───── DATA SHOWN

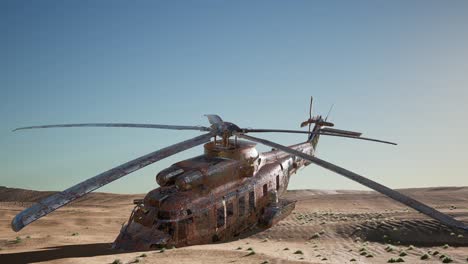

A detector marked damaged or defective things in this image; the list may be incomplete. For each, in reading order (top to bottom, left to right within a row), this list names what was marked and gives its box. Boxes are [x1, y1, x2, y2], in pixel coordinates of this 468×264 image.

rusted helicopter fuselage [113, 138, 314, 250]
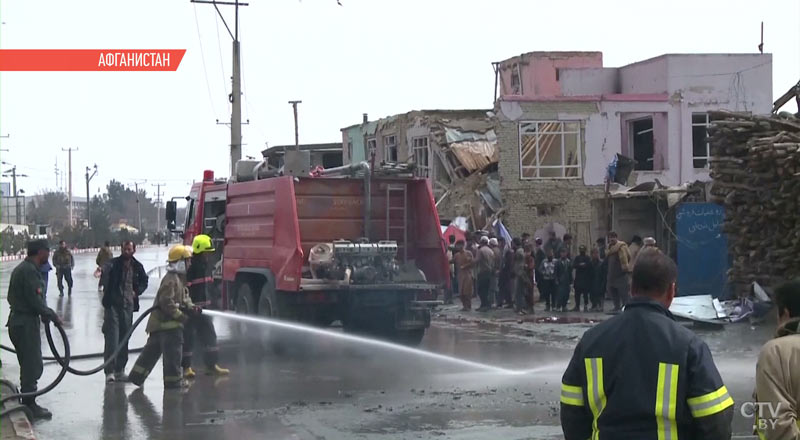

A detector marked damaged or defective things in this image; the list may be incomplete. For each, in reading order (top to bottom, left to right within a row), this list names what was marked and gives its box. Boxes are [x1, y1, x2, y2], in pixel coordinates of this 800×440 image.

broken window [380, 135, 396, 162]
damaged building [340, 109, 500, 225]
broken window [412, 138, 432, 179]
broken window [520, 120, 580, 179]
shattered glass window [520, 120, 580, 179]
damaged building [494, 51, 776, 266]
broken window [632, 117, 656, 171]
broken window [692, 113, 712, 168]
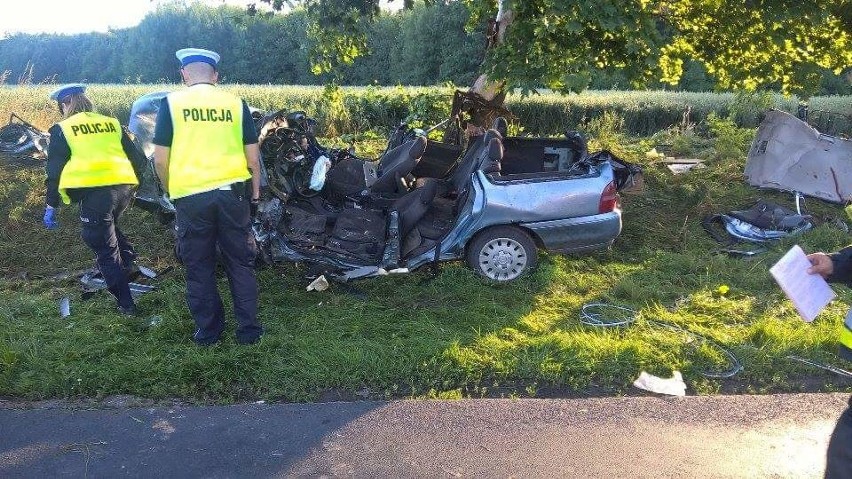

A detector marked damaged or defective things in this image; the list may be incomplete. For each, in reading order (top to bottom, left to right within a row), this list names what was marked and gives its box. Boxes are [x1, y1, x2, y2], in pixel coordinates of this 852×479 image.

wrecked silver car [128, 91, 640, 282]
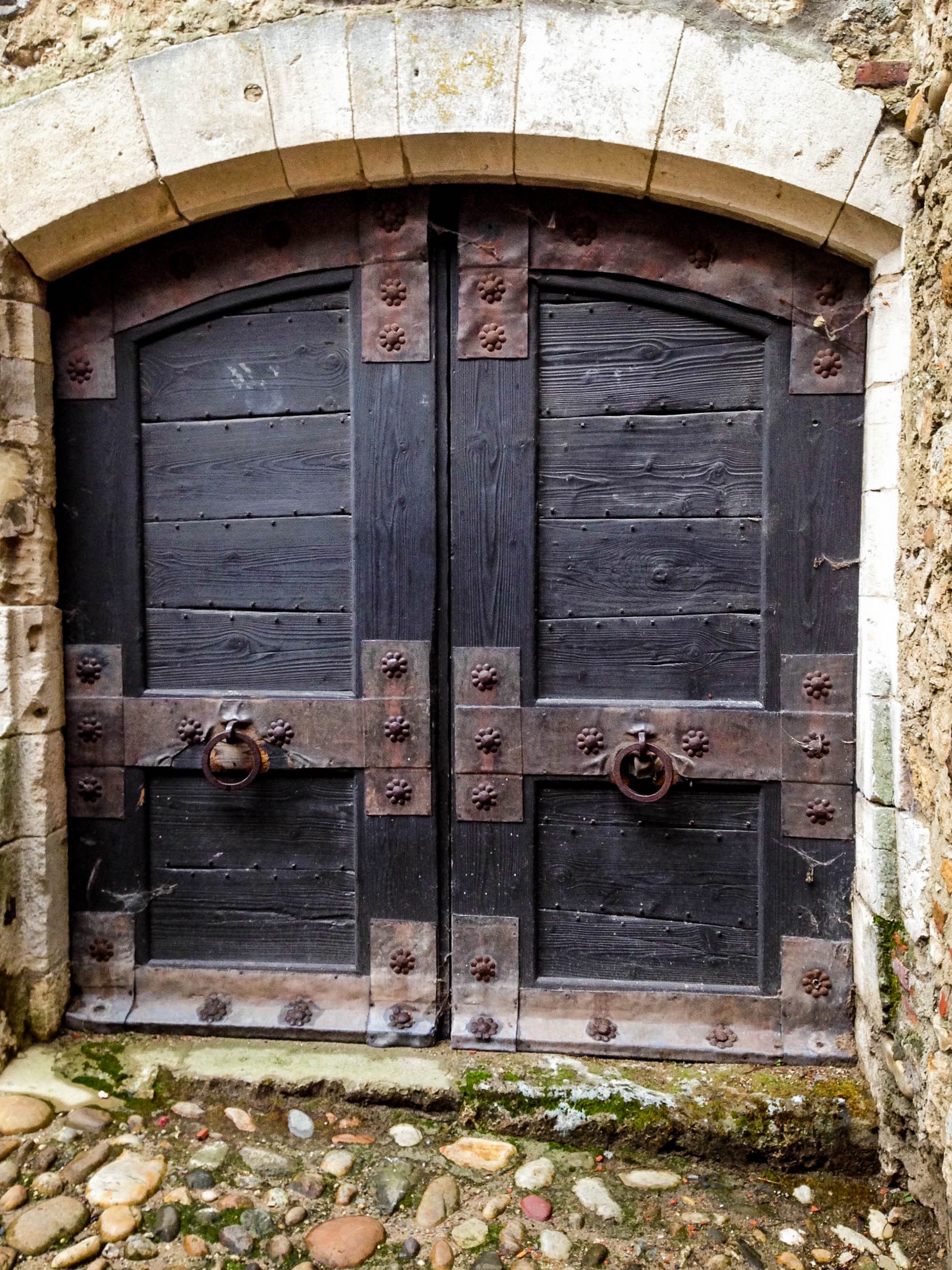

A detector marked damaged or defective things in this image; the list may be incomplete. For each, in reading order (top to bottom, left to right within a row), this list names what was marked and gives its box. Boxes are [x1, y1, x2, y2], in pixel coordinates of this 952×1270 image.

rusted metal plate [112, 193, 363, 333]
rusted metal plate [360, 188, 431, 263]
rusted metal plate [459, 186, 533, 267]
rusted metal plate [533, 193, 792, 325]
rusted metal plate [51, 257, 115, 396]
rusted metal plate [360, 259, 431, 363]
rusted metal plate [457, 265, 530, 360]
rusted metal plate [792, 241, 873, 391]
rusted metal plate [64, 650, 123, 701]
rusted metal plate [360, 640, 431, 701]
rusted metal plate [454, 650, 523, 711]
rusted metal plate [781, 655, 858, 716]
rusted metal plate [65, 696, 125, 762]
rusted metal plate [123, 701, 366, 767]
rusted metal plate [366, 696, 431, 762]
rusted metal plate [457, 706, 525, 772]
rusted metal plate [523, 706, 781, 782]
rusted metal plate [781, 716, 858, 782]
rusted metal plate [68, 762, 125, 823]
rusted metal plate [366, 767, 431, 818]
rusted metal plate [452, 772, 523, 823]
rusted metal plate [781, 777, 858, 838]
rusted metal plate [129, 965, 373, 1036]
rusted metal plate [368, 919, 439, 1046]
rusted metal plate [452, 914, 518, 1051]
rusted metal plate [523, 985, 781, 1066]
rusted metal plate [781, 935, 858, 1061]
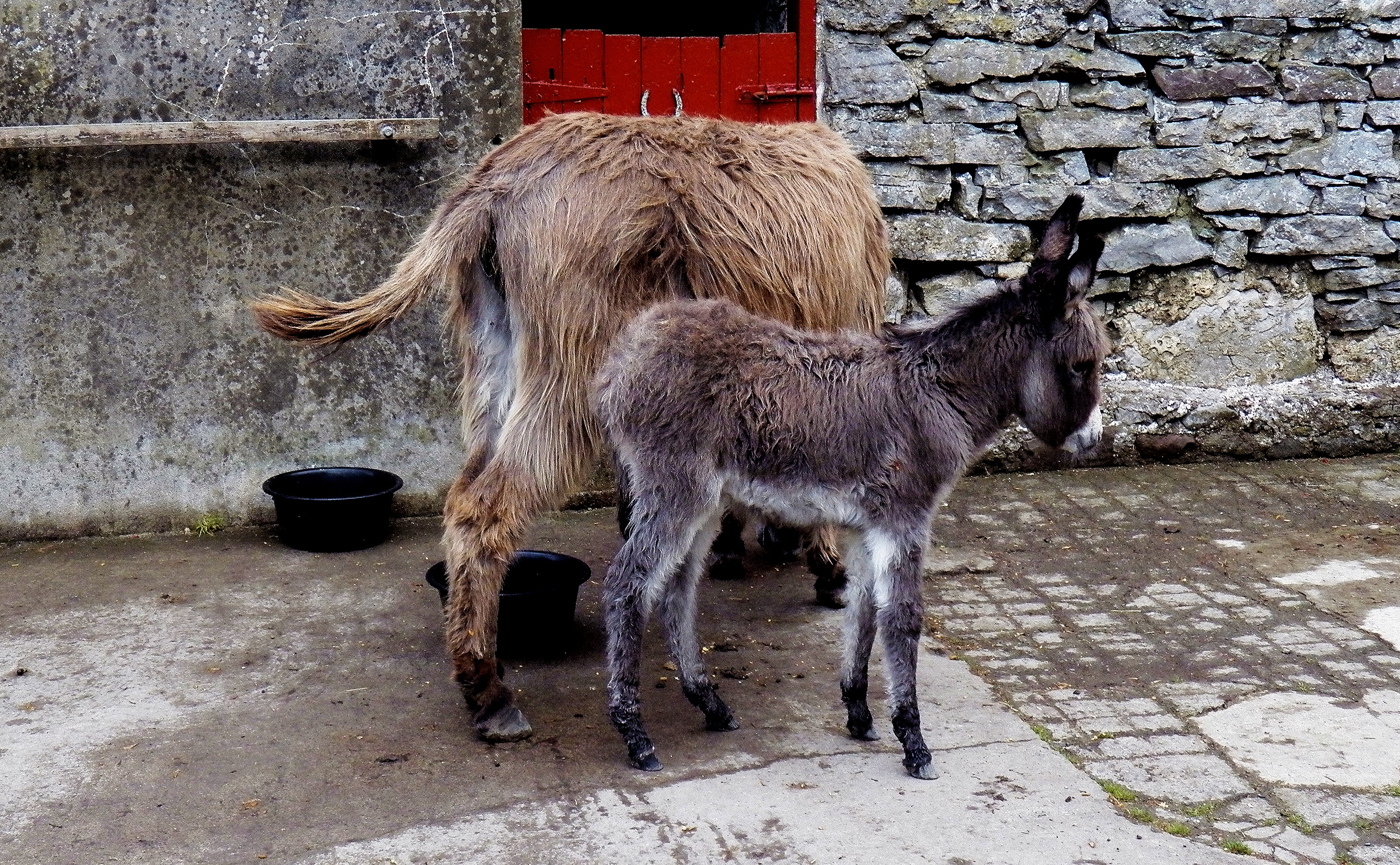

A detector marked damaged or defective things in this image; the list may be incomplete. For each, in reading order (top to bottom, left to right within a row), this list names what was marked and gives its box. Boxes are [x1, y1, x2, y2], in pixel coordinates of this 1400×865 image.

cracked concrete floor [3, 453, 1400, 856]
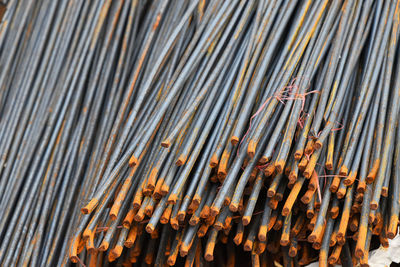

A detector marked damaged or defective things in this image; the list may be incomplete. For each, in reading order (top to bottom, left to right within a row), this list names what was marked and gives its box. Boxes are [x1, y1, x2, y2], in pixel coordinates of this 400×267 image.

rusted tip of rod [80, 199, 97, 216]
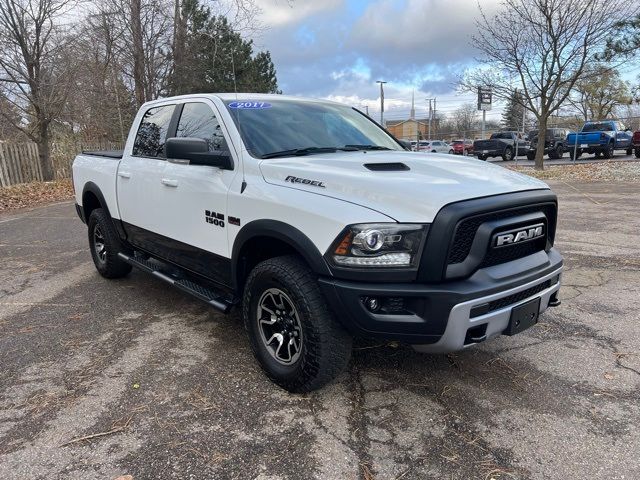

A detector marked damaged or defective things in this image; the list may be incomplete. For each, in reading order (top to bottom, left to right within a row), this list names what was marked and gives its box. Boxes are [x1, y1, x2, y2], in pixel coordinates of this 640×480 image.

cracked asphalt [0, 181, 636, 480]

──────────

All lines starting at the one holding "this 640×480 image." and ending at the last line above must be output exactly, and no other line may appear.

* **PROBLEM SOLUTION**
A detector marked damaged or defective things in this image; the list may be incomplete. For each, in reading order (top to bottom, left to right within a row), this list names what was marked and gives its box. Boxes are [x1, y1, x2, y2], in pixel coordinates of this 640×480 image.

cracked asphalt [0, 181, 636, 480]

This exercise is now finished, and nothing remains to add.